GNOME Bugzilla – Bug 752802
avviddec: Sends incorrect CAPS event before the correct one
Last modified: 2015-08-17 08:55:17 UTC
In gst_ffmpegviddec_get_buffer2(), the AVPicture, for some 1080p streams contains 1088 instead of 1080 as height, So it negotiates with the wrong format, and later rengotiates to the right one when a frame is actually produced. This is a regression that was introduced by 5b6c8ee8 and it's caught by a number of gst-validate tests, using sample H1_00094_1920x1280_MTS. This possibly also needs to be fixed in ffmpeg. Although I wonder if that size isn't the size that needs to be allocated as a scratch buffer so if it's not the correct allocation size instead of the final picture size.
Created attachment 308111 [details] [review] avviddec: Don't try to negotiate using width/height from get_buffer2 These are coded values, not the size of the output frame. So they can not be used in the caps, the real ones will come with the decoded frame. The allocation query is also pretty much useless as direct rendering is hard disabled anyway.
(In reply to Olivier Crête from comment #1) > Created attachment 308111 [details] [review] [review] > avviddec: Don't try to negotiate using width/height from get_buffer2 > > These are coded values, not the size of the output frame. So they can not > be used in the caps, the real ones will come with the decoded frame. The > allocation > query is also pretty much useless as direct rendering is hard disabled > anyway. Why did we "hard disabled" that ? It use to work fine, I actually spent a lot of time on it.
@stormer: That's a question for slomo, if I re-enable it, it crashes in some of the gst-validate tests. In practice, I don't think we can do direct rendering before a frame is produced with libav and GstVideoDecoder because it doesn't differentiate between the caps in the allocation query and the caps event.
(In reply to Olivier Crête from comment #3) > @stormer: That's a question for slomo, if I re-enable it, it crashes in some > of the gst-validate tests. > > In practice, I don't think we can do direct rendering before a frame is > produced with libav and GstVideoDecoder because it doesn't differentiate > between the caps in the allocation query and the caps event. I don't think this entirely true. In 90% of the case, you can get the width/height from upstream. The rest of the caps is the same. It probably crash in a case where the stream change resolution. Imho, if we know it from the upstream caps, we should drain the decoder and then start again, it's much simpler. I guess I'll have to check that later. That means we'll move from zero to 2 copies in the avdec_* ! glimagesink case now, sad moment.
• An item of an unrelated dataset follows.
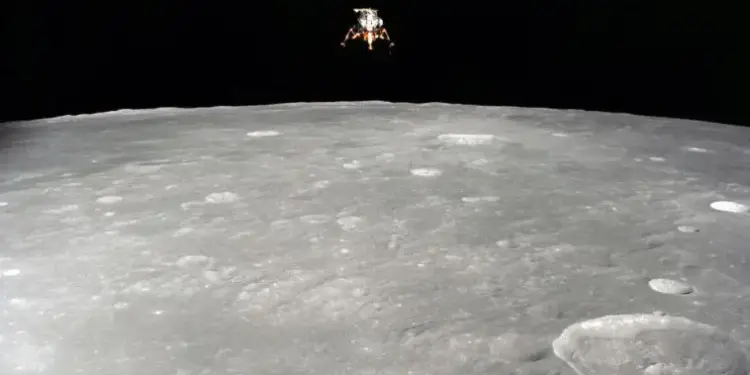 Estados Unidos encontró agua en Marte y China, en la Luna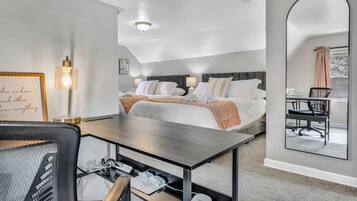 3 bedrooms, desk, iron/ironing board, travel crib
Comment on attachment 308111 [details] [review] avviddec: Don't try to negotiate using width/height from get_buffer2 As discussed on IRC, this replaces one problem with another... and the "if (TRUE ||)" should go away in any case
Created attachment 308264 [details] [review] avviddec: Use the AVContext width/height for the initial negotiation Using the size from the AVFrame doesn't work as it is the coded size, not the actual size. This is a second take on the patch, since it is the first buffer, there is no renegotiation and the AVContext will have the right size.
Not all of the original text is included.